Court of Appeals of Indiana.

Filed September 12, 1966.

James W. Oberfell, Crumpacker, May, Levy & Searer, of South Bend, and C. Malcolm Moss and Walter W. Siebert, of counsel, of Chicago, Illinois, for appellant.

James H. Pankow, Jones, Obenchain, Johnson, Ford & Pankow, of South Bend, for appellee, Dora Lancaster.

*293 Daniel R. Morgan, of South Bend, for appellee, Edward Sparkowitz d/b/a West Walkerton Truck Stop.


This is an appeal from a joint judgment against appellant and appellee, Edward Sparkowitz, d/b/a West Walkerton Truck Stop, on a verdict by a jury for appellee, Dora Lancaster, who had filed suit against appellant and appellee-Sparkowitz to recover benefits under a group insurance policy issued by appellant to appellee-Sparkowitz. Appellant's motion for new trial was overruled, and such action is assigned as error on appeal. Appellee-Sparkowitz did not appeal from the judgment against him.

Appellant, among other specifications in its motion for new trial, asserts error in the giving by the trial court of plaintiff-appellee's Instructions Nos. 1, 2 and 5. In view of the result we have reached, we deem it necessary to consider only the giving of the above instructions and the giving of plaintiff-appellee's Instruction No. 3.

Plaintiff-appellee's Instruction No. 5 told the jury that "[c]ancellation of group insurance coverage effected by an employer and an insurer is not effective as to a covered employee until such employee is notified of such cancellation." It further instructed the jury that if they should find in this case that "plaintiff was not notified of cancellation of coverage, if any cancellation there was, prior to her disability and surgery, then your [their] verdict should be for the plaintiff and against The Prudential Insurance Company of America for all the benefit provided by the policy."

Appellant objected to this instruction in that it is contrary to the law of Indiana and that by the expressed provisions of the policy no notice is required to be given to either, the policy holder or the individual certificate holder.

There is no provision in the master policy or the certificate issued to appellee-Lancaster, as the employee, directly binding the appellant-insurer to give notice to Dora Lancaster of the *294 cancellation of the policy.
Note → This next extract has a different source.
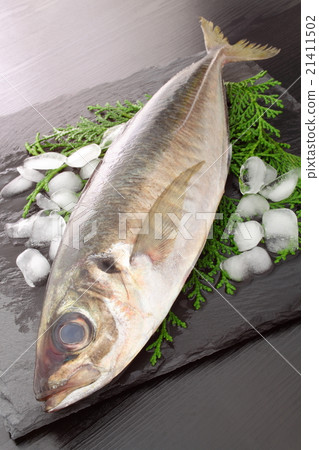 Horse mackerel	 21411502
While some States have statutes requiring notice to be given an insured employee prior to the cancellation of a group insurance policy, there is no such statute in Indiana.

We are, therefore, presented with the question whether, under the terms of the policy or the certificate, appellant-insurer was required to give notice of its intent to cancel the policy prior to so doing. If this be answered in the negative, we must then examine the evidence to determine if any other agreement was made. If we find no other agreement, then we must determine if, as has been found in some other States, the common law is that notice to the employee should be a prerequisite to any effective cancellation or termination of the master policy.

Although from our research on this precise fact situation we have found no decisions in Indiana, we can draw from the many cases available in Indiana setting forth the general rule concerning insurance contracts.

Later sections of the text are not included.